Lan Qiuhong, Zheng Zhongtuan, Tang Zhen, Qiu Xuehua, Yin Zhixiang
School of Mathematics, Physics and Statistics, Shanghai University of Engineering Science, Shanghai, China.
Institute for Frontier Medical Technology, Shanghai Frontiers Science Research Center for Druggability of Cardiovascular Noncoding RNA, Center of Intelligent Computing and Applied Statistics, Shanghai University of Engineering Science, Shanghai, China.

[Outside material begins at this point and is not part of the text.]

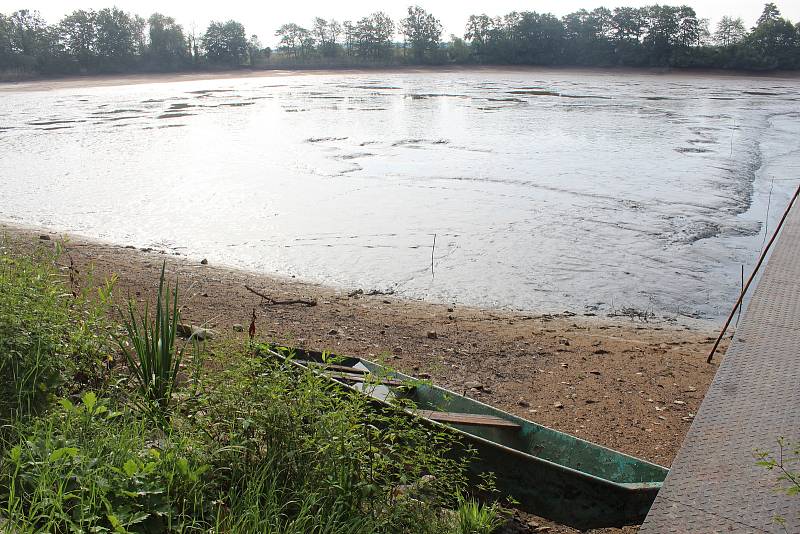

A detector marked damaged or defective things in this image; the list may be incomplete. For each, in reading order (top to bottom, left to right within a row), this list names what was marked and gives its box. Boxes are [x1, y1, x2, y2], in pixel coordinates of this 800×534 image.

PLoS One. 2025 Jul 2;20(7):e0326960. doi: 10.1371/journal.pone.0326960. eCollection 2025.
Protein-protein interactions is essential for cellular processes in all organisms. The accurate in-silico identification of these interactions is a significant area of research in biology-related fields, which is crucial for protein function prediction and drug design. Protein sequence data serves as the primary source for computational protein prediction. However, existing models for predicting protein-protein interactions based on sequence information typically consider only a limited set of physicochemical properties of amino acids. Consequently, they fail to comprehensively characterize protein sequence information, resulting in models that perform well within the species for which they were trained but poorly in cross-species environments. Unlike previous models, this paper combines the SVHEHS descriptor with various feature coding techniques to characterize protein sequences more comprehensively. The model employs explicit integration of bidirectional gated recurrent units to fuse multi-information. The final model achieves prediction accuracies of 96.47% and 97.79% on the H. pylori and S. cerevisiae datasets, respectively, outperforming most current models reported in the literature. In particular, the experimental results indicate that the model exhibits strong generalizability across various species datasets, suggesting it can serve as a valuable reference for investigating protein interaction networks in different species.
蛋白质-蛋白质相互作用对于所有生物体的细胞过程至关重要。对这些相互作用进行准确的计算机模拟识别是生物学相关领域的一个重要研究方向,对蛋白质功能预测和药物设计至关重要。蛋白质序列数据是蛋白质计算预测的主要来源。然而,现有的基于序列信息预测蛋白质-蛋白质相互作用的模型通常只考虑了有限的一组氨基酸物理化学性质。因此,它们无法全面表征蛋白质序列信息,导致模型在其训练的物种内表现良好,但在跨物种环境中表现不佳。与先前的模型不同,本文将SVHEHS描述符与各种特征编码技术相结合,以更全面地表征蛋白质序列。该模型采用双向门控循环单元的显式集成来融合多信息。最终模型在幽门螺杆菌和酿酒酵母数据集上的预测准确率分别达到96.47%和97.79%,优于文献中报道的大多数当前模型。特别是,实验结果表明该模型在各种物种数据集上具有很强的通用性,表明它可以作为研究不同物种蛋白质相互作用网络的有价值参考。